🤖 AI Summary
Existing video-LLMs rely on costly, labor-intensive human annotations, ground-truth subtitles, or third-party APIs to construct preference data—limiting scalability and generalizability. To address this, we propose the first purely video-driven self-alignment framework: it leverages intrinsic, video-grounded self-critique to generate high-quality preference pairs without any external supervision. Our method integrates lightweight frame sampling (32 frames per video) with Direct Preference Optimization (DPO) for end-to-end training. Crucially, it achieves fully unsupervised spatiotemporal joint reasoning alignment—the first such approach. Evaluated on MVBench, PerceptionTest, and EgoSchema, our method attains 74.0% accuracy (new state-of-the-art), +3.9%, and +6.8% absolute gains over supervised baselines, respectively. These results robustly validate the effectiveness and generalizability of the self-critique–preference generation paradigm for video-LLM alignment.
📝 Abstract
Recent advances in video-large language models (Video-LLMs) have led to significant progress in video understanding.

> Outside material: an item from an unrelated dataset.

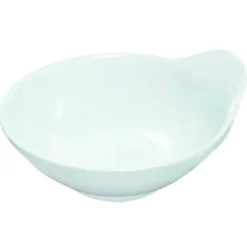 11.5 cm - Ilsa Oriental Series Coppa In Melamina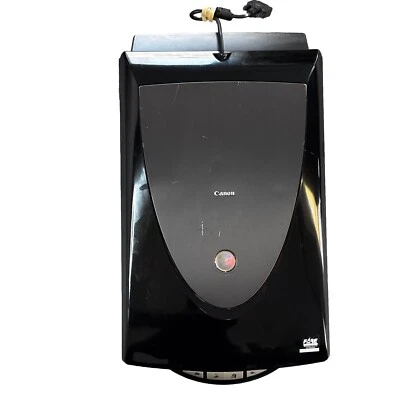 s-l400.webp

Current preference optimization methods often rely on proprietary APIs or ground-truth captions to generate preference data (i.e., pairs of model outputs ranked based on their quality or alignment with human judgment), which is then used to train models for video-language alignment. This approach is both costly and labor-intensive. To address this limitation, we introduce VideoSAVi (Self-Aligned Video Language Model), a self-training pipeline that enables Video-LLMs to reason over video content without external supervision. Our approach includes a self-critiquing mechanism that identifies reasoning errors in the model's initial responses and generates improved alternatives, creating preference pairs directly from video content. VideoSAVi then applies Direct Preference Optimization (DPO), which uses the preference data to iteratively train the model, enhancing temporal and spatial reasoning in video understanding. Experiments show that VideoSAVi achieves state-of-the-art performance on MVBench (74.0%) and delivers significant improvements across other benchmarks, including a 3.9% gain on PerceptionTest and a substantial 6.8% improvement on the challenging EgoSchema dataset compared to baseline models. Our model-agnostic approach is computationally efficient, requiring only 32 frames, offering a promising direction for self-aligned video understanding without reliance on external models or annotations.